Erin Carlson Mast, executive director, President Lincoln’s Cottage
“I’m grateful that as an American I have the opportunity and the duty to be engaged civically, environmentally, and culturally. Every day I look out over a landscape that is a true oasis in the city. This is a place that has been home to thousands of people who served their country. This is a place where President Lincoln developed his Emancipation Proclamation and struggled to maintain the only constitutional democracy that existed in his time while living here. It is a place where thousands more come each year to gain understanding, inspiration, and resources because they too want to make our world a better place. To me, being a grateful American isn’t just about learning our history, it’s about understanding and acknowledging that what we do today is inextricably linked to our past.
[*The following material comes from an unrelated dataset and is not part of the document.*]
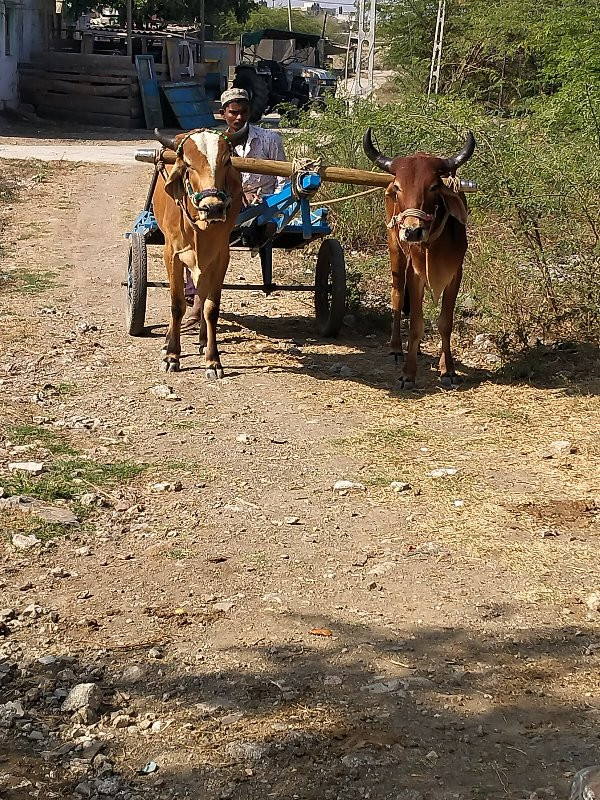 સૌર હજાર રૂપિયા...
What we do today will be part of our shared history.”
Kathleen McCarthy senior vice president, InkandescentPR.com
“Every Thanksgiving, my parents rent a big house on the Florida panhandle, and my parents, siblings, and our families all spend a week at the beach together. Since the house we stay in is a rental, it’s both no one’s and everyone’s. We all come from other places to be together, and yet for a week, that place is home to all of us. That’s how I think of being an American, too. Except for Native Americans, the rest of us are all from somewhere else in either the recent or distant past, and lucky to be here together. When I was 24, I traveled to what was then the Soviet Union as a chaperone for a group of Washington, DC, high-school kids on a trip led by their history teacher. During the visit, a few of us met in secret with some ‘refuseniks’ (Russian Jews who were scientists and had been refused permission to leave Russia). One of these scientists asked if I would take a letter to his scientific counterpart in the United States. It was jarring to realize that he couldn’t do his work openly and had to rely on strangers to convey even the most banal communication. I remember encoding his letter into my trip journal and standing with my heart in my throat as I went through airport security before returning home. More than 30 years later, when I try to articulate what makes me grateful to be an American, what comes to mind is freedom to come and freedom to go. Freedom to be alone and freedom to congregate. Freedom to have my own thoughts and freedom to express them. Or not.
Barbara Mitchell, author, The Big Book of HR and The Essential HR Handbook
“I am grateful for the Americans who came before me to make this a country that I love! As we approach the 4th of July and celebrate, I remember my mother who came to America from Scotland as a child and became an American citizen. She was a proud American and sincerely appreciated all this country offered to her. She particularly loved to sing “God Bless America, Land that I love …” I am grateful for my father who served in the army in World War II, and my uncles who served in WWII and Korea. I love to travel to other countries and learn about other cultures but am always glad to be home in the USA. I am a proud and Grateful American!”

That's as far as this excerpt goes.